Dividing MATLAB® Computations into Tasks

The Parallel Computing Toolbox™ enables us to execute our MATLAB® programs on a cluster of computers. In this example, we look at how to divide a large collection of MATLAB operations into smaller work units, called tasks, which the workers in our cluster can execute. We do this programmatically using the pctdemo_helper_split_scalar and pctdemo_helper_split_vector functions.

Prerequisites:

For further reading, see:

Obtaining the Profile

Like every other example in the Parallel Computing Toolbox, this example needs to know what cluster to use. We use the cluster identified by the default profile. See Cluster ProfilesCluster Profiles in the documentation for how to create new profile and how to change the default profile.
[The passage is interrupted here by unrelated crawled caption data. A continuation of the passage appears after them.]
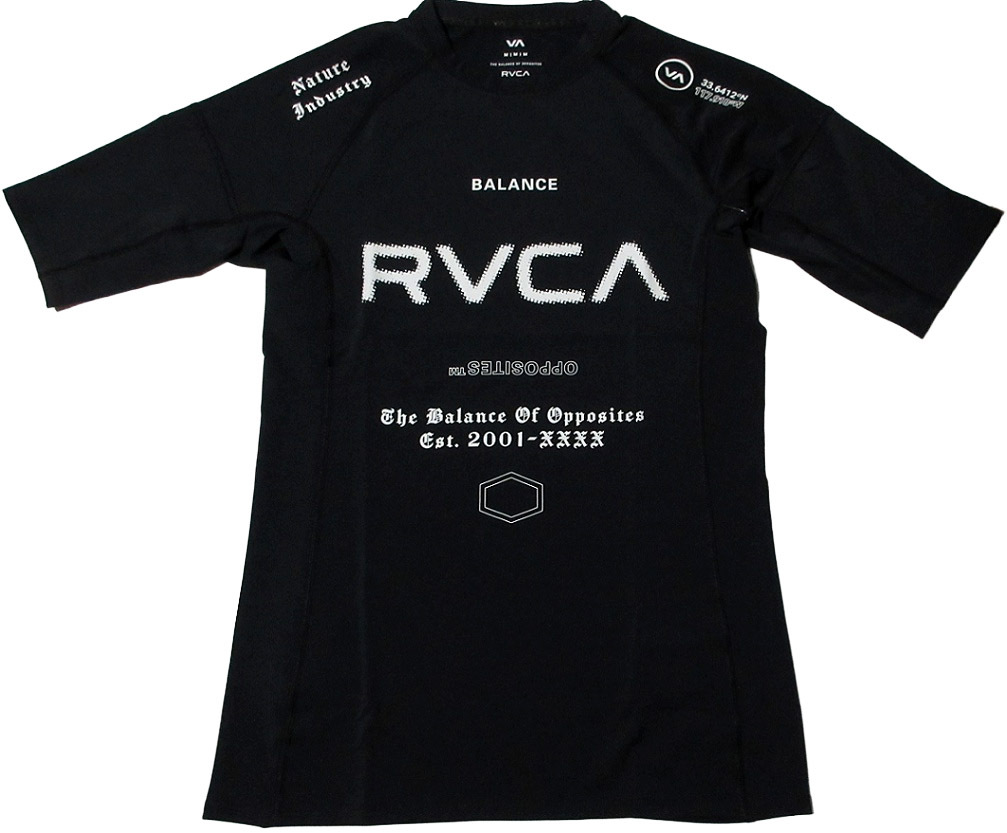 RVCA (ルーカ) メンズ 半袖 ラッシュガード XLサイズ ブラック BF041860 SPORT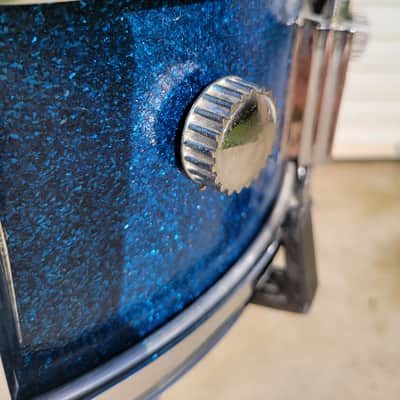 Vintage MIJ Tempro 14x5.5" Snare Drum - Blue Sparkle (168-24) image 5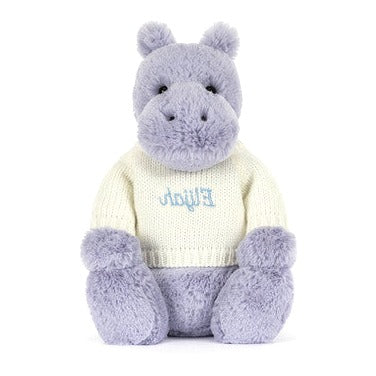 Bashful Hippo with Personalised Cream Jumper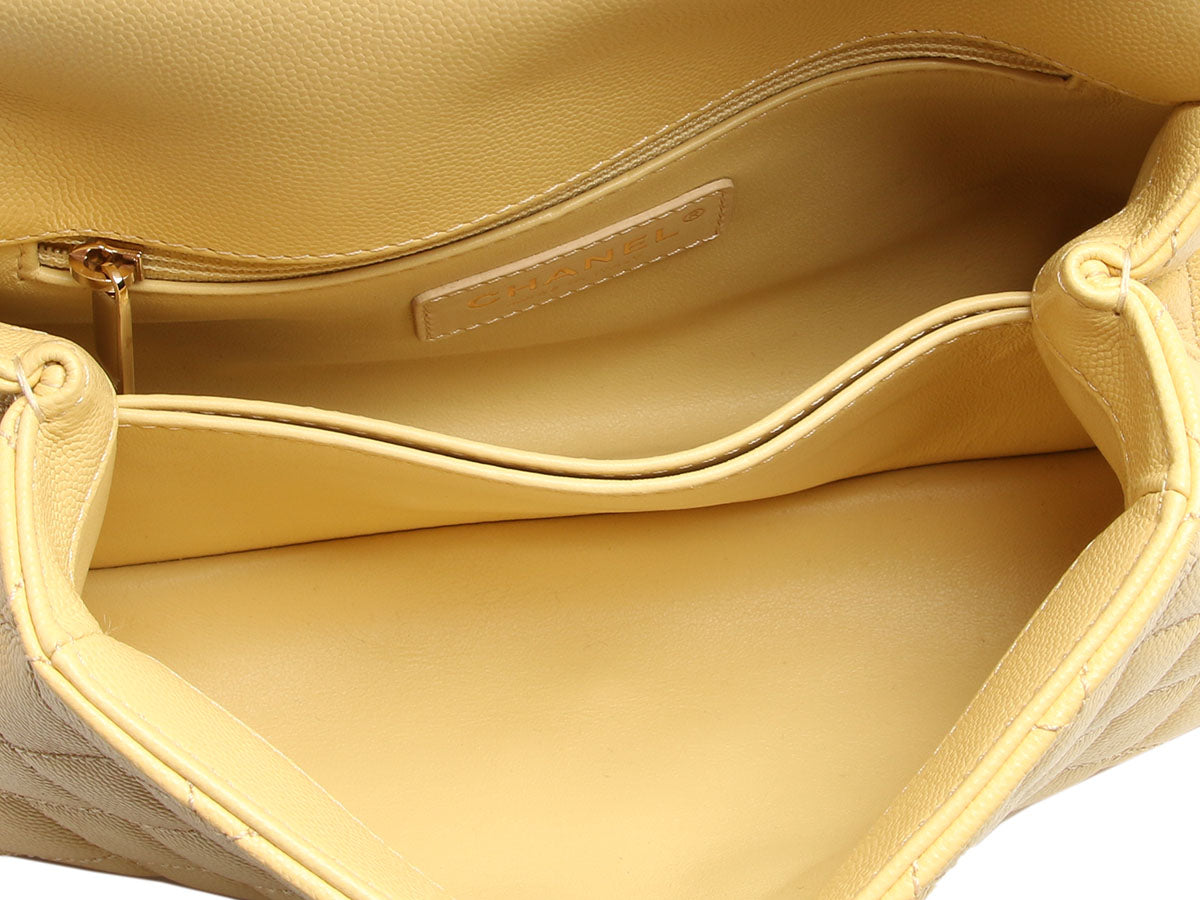 Chanel Light Yellow Small Coco Handle Bag - Image 9
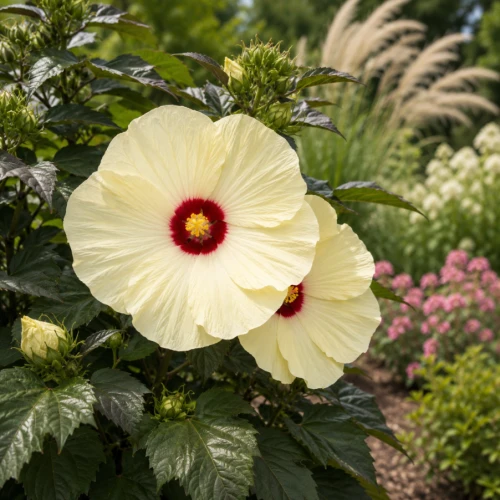 Hibiskus Bagienny French Vanilla P9 sadzonka 0,5l - zjawiskowe kwiaty i zwięzły pokrój
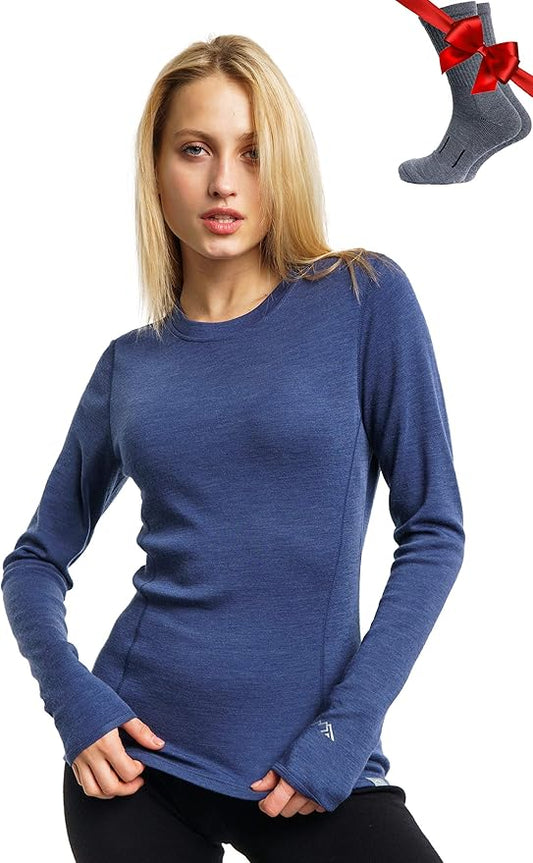 Merino.tech Merino Wool Base Layer Women - 100% Merino Wool Heavyweight, Midweight, Lite Long Sleeve Thermal Shirt and Socks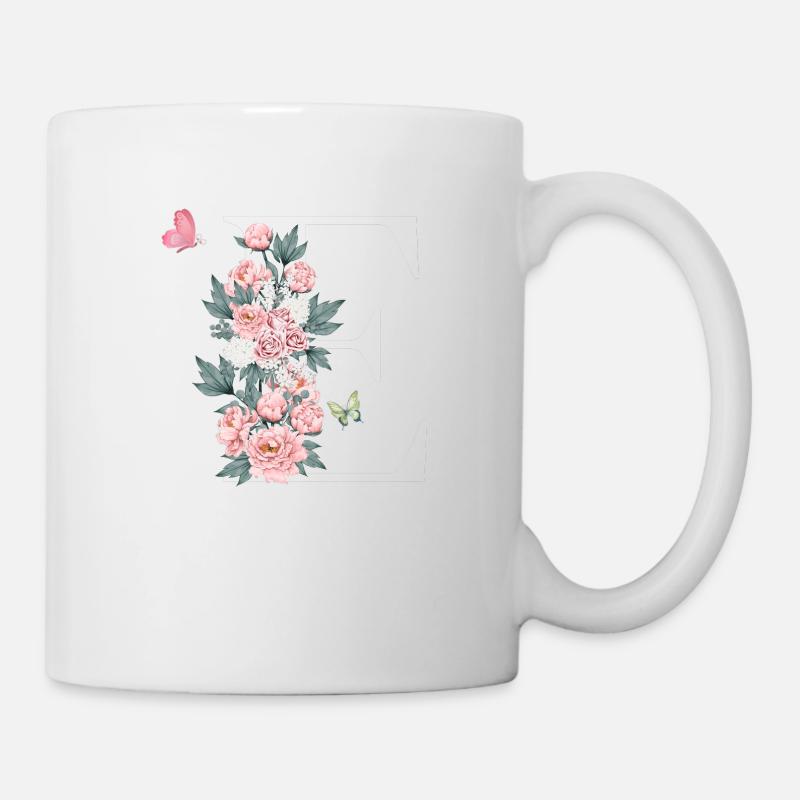 Lettre e fleurs rose - Mug blanc - blanc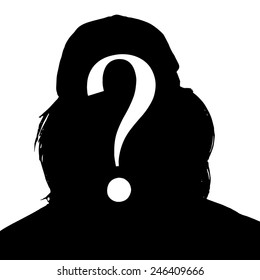 Vector silhouette of a man in profile on a white background.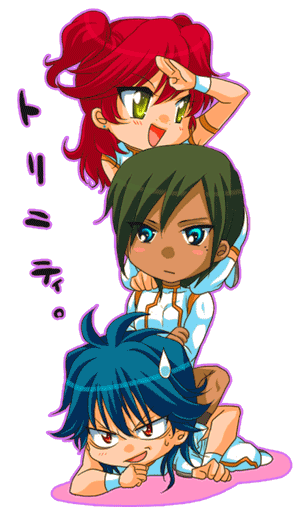 nena trinity, michael trinity, and johann trinity (gundam and 1 more)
profileName = parallel.defaultClusterProfile();

Starting with Sequential Code

One of the important advantages of the Parallel Computing Toolbox is that it builds very well on top of existing sequential code. It is actually beneficial to focus on sequential MATLAB code during the algorithm development, debugging and performance evaluation stages, because we then benefit from the rapid prototyping and interactive editing, debugging, and execution capabilities that MATLAB offers. During the development of the sequential code, we should separate the computations from the pre- and the post-processing, and make the core of the computations as simple and independent from the rest of the code as possible. Once our code is somewhat stable, it is time to look at distributing the computations. If we do a good job of creating modular sequential code for a coarse grained application, it should be rather easy to distribute those computations.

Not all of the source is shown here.